Tagliente, mai banale. Maurizio Sarri è fatto così. Anche quando parla di ciò che diventata la Coppa Italia: «È un evento clandestino cucito su misura per l’audience televisiva degli ultimi turni. Ma il calcio non è questo, è il Bayern Monaco che perde con il Saarbrücken, squadra di C». Nel prossimo turno di Coppa Italia, la Lazio ospiterà il Genoa allo stadio Olimpico: «La riporterei ad agosto anche per le grandi, facendole giocare sui campi delle squadre di Serie C che farebbero incassi per campare tutto l’anno. Ma di sicuro ci direbbero che c’è un problema di ordine pubblico per cui la Juventus non può andare a Campobasso».
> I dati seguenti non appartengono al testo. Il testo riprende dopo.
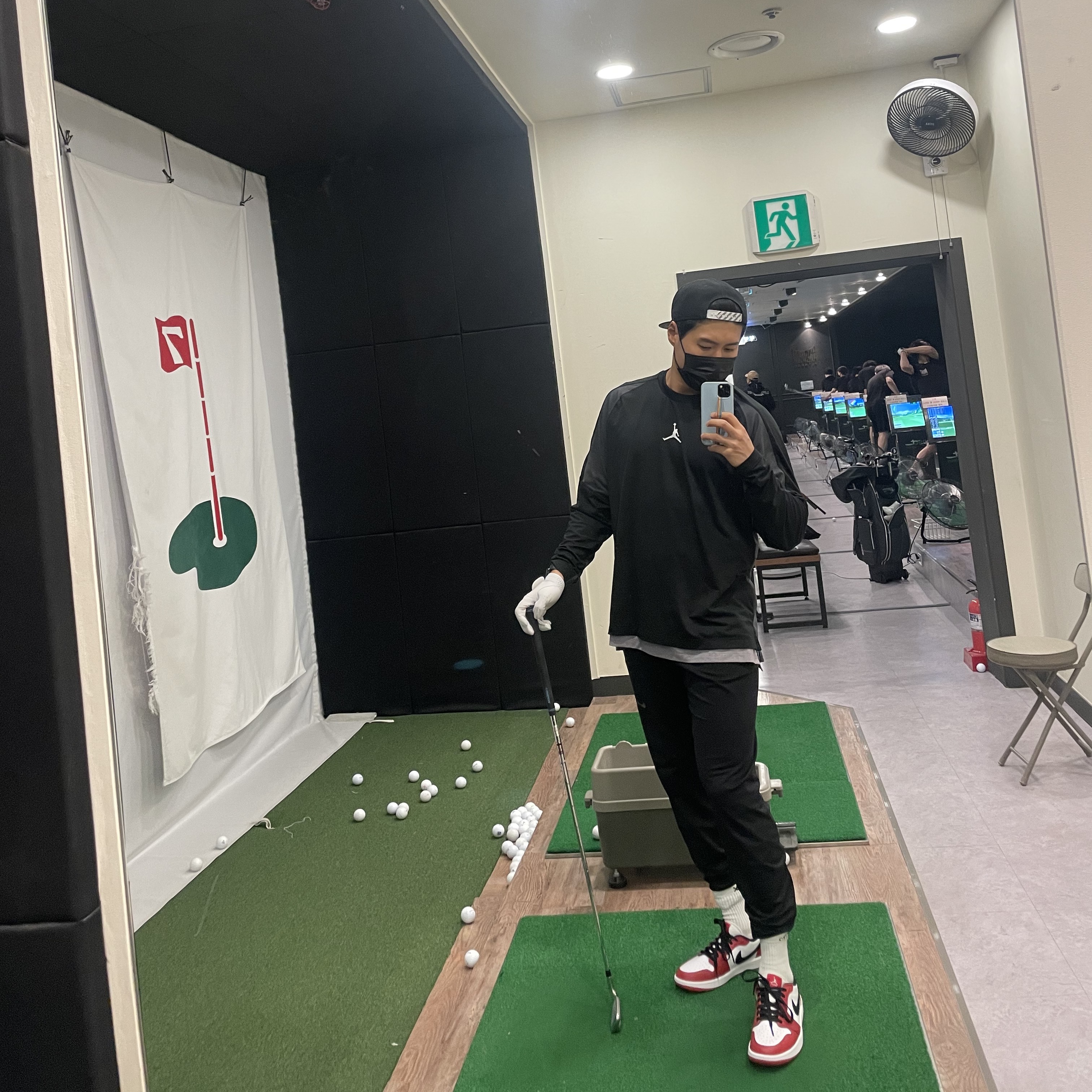 Jordan 1 Low Golf Chicago 착용 스타일 - 1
Intervistato da La Repubblica, mister Sarri prosegue parlando del vertiginoso incremento degli infortuni a causa dei calendari intasati: «Ne parlo da cinque anni, eppure mi accusano di cercare alibi. In questi giorni, in Spagna, sta venendo giù il mondo per l’infortunio di Gavi (rottura del legamento crociato durante Spagna-Georgia, ndr), lo chiamano “Uefa Virus”: spero che qualcuno abbia l’onestà intellettuale per riconoscermi che certe cose io le dico da una vita. Un calciatore dovrebbe giocare al massimo 50 partite l’anno. L’unico calcio sostenibile è quello inglese, il più tradizionalista, dove il sabato pomeriggio non c’è nessuna partita in tv perché la gente affolla gli stadi delle categorie minori. La finale di FA Cup è il match più visto al mondo dopo quella di Champions, eppure da cent’anni ha sempre gli stessi riti e si gioca a Wembley, mica in Arabia».
E ancora: «In Inghilterra c’è il tentativo di non fare cadere il movimento nella globalità. Così loro sono tutti ricchi, mentre i nostri ricchi sono i poveri d’Europa. Il calcio è uno sport emozionale: se gli togli l’emozione, a livello televisivo non è certo il migliore spettacolo. L’emozione la tiene viva il bambino che va allo stadio, ma non c’è futuro se si mira al pubblico degli highlights. I diritti tv garantiscono 50-70 stipendi d’élite, tra cui il mio – ammette Sarri – ma non ricchezza al movimento: vent’anni fa un calciatore di Serie C era un benestante, ora fatica ad arrivare alla fine del mese. Si cerca di aumentare il fatturato diminuendo la qualità del prodotto, nessuna azienda ragiona così».